Quand on a quitté le registre du ressentiment politique et de l'obscure jalousie paternelle, une fois admise sa volonté de demeurer à toute force sur une scène dont il ne parvient pas à tolérer qu'elle soit dorénavant dévolue à d'autres, on n'est pas à court. Il met toujours à notre disposition une ou deux provocations qui, entre droit et liberté d'expression, nous obligent à condamner sans nuance ou, ce que je préfère, à réfléchir sur ce qu'une société doit accepter au nom de la démocratie ou refuser.

JMLP a éprouvé le besoin de réitérer des propos qui avaient déjà fait scandale. Au mois d'avril de cette année, il a répété, face à Jean-Jacques Bourdin qui a décidément l'art de faire surgir le sulfureux de la bouche de certains de ses invités, que "les chambres à gaz étaient un détail de l'histoire de la Seconde Guerre mondiale" (BFMTV-RMC, Le Figaro).

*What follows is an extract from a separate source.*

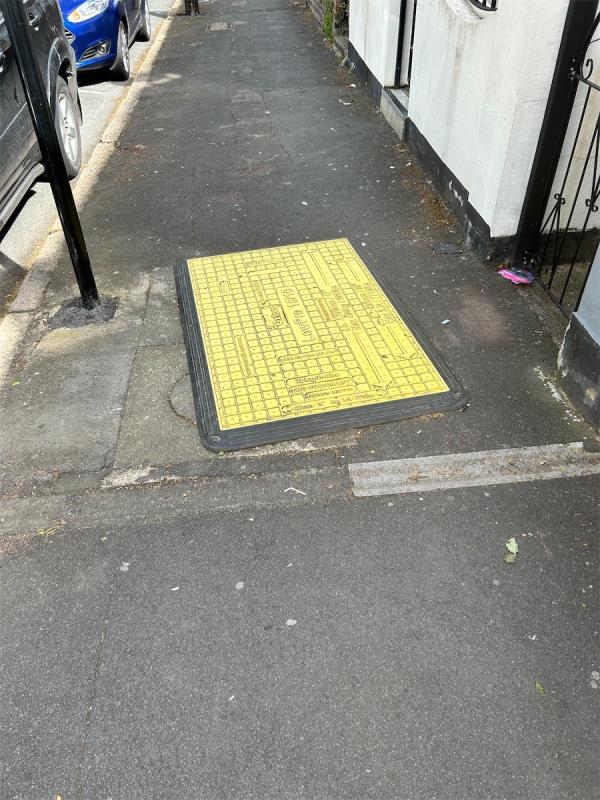 Manhole cover was damaged during maintenance works. There has been a temporary board over it for the last few weeks, is this going to be replaced anytime soon? -18 Hall Road, East Ham, London, E6 2NQ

A la suite d'une enquête, JMLP a été renvoyé devant le tribunal correctionnel de Paris pour contestation de crime contre l'humanité.

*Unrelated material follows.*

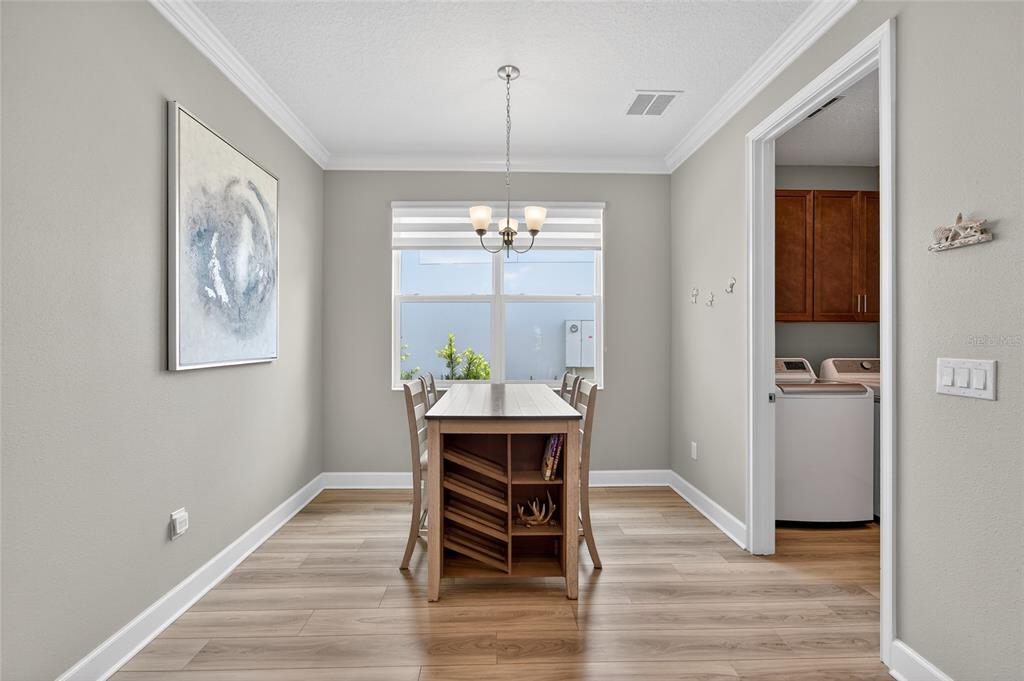 5961 Blakeney Loop Apollo Beach, FL 33572 - Photo 29 of 42 a view of a dining room with furniture window and wooden floor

On aurait pu considérer que c'était faire beaucoup d'honneur à l'entêtement sénile que d'en tirer des conclusions à charge. Je suis persuadé qu'à partir d'un certain niveau d'incohérence et d'âge, l'indifférence, de la part des institutions, n'est pas la pire méthode. Pour des personnalités comme celle de JMLP, la sanction serait déjà inscrite dans le désintérêt apparent.

Mais, puisque le parquet de Paris a adopté une démarche plus classique, il ne me semble pas inutile d'analyser exactement, en droit comme en liberté, ce que signifie ce "détail de la Seconde Guerre mondiale".

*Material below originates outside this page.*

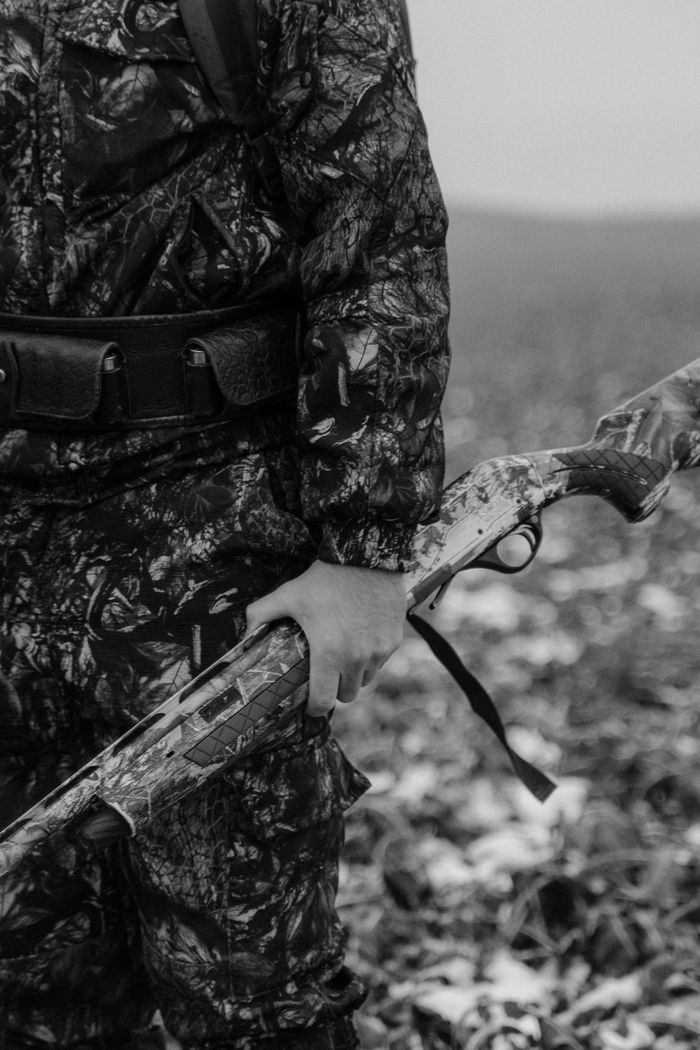 About A hunter in camouflage holding a rifle outdoors, captured in monochrome.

La contestation du crime contre l'humanité, qui lui est reprochée, ne paraît pas caractérisée car JMLP, à ma connaissance, n'a jamais mis en cause, explicitement et immédiatement, la réalité et l'ampleur de l'extermination des Juifs. Les délires de Faurisson n'ont jamais été les siens même si on a vite fait de qualifier de négationnistes ceux qui s'attachent seulement à défendre la liberté de la recherche historique sur n'importe quel sujet.

Pourquoi JMLP est-il alors, à cause de ce "détail", tout de même incriminé pour ce délit ? "Les chambres à gaz, détail de la Seconde Guerre mondiale" - cette affirmation réduisant cette terrifiante modalité technique d'extermination consubstantielle au crime contre l'humanité à une simple péripétie de la guerre aurait-elle été, pour lui, une manière perverse et masquée de nier l'existence de la Shoah ?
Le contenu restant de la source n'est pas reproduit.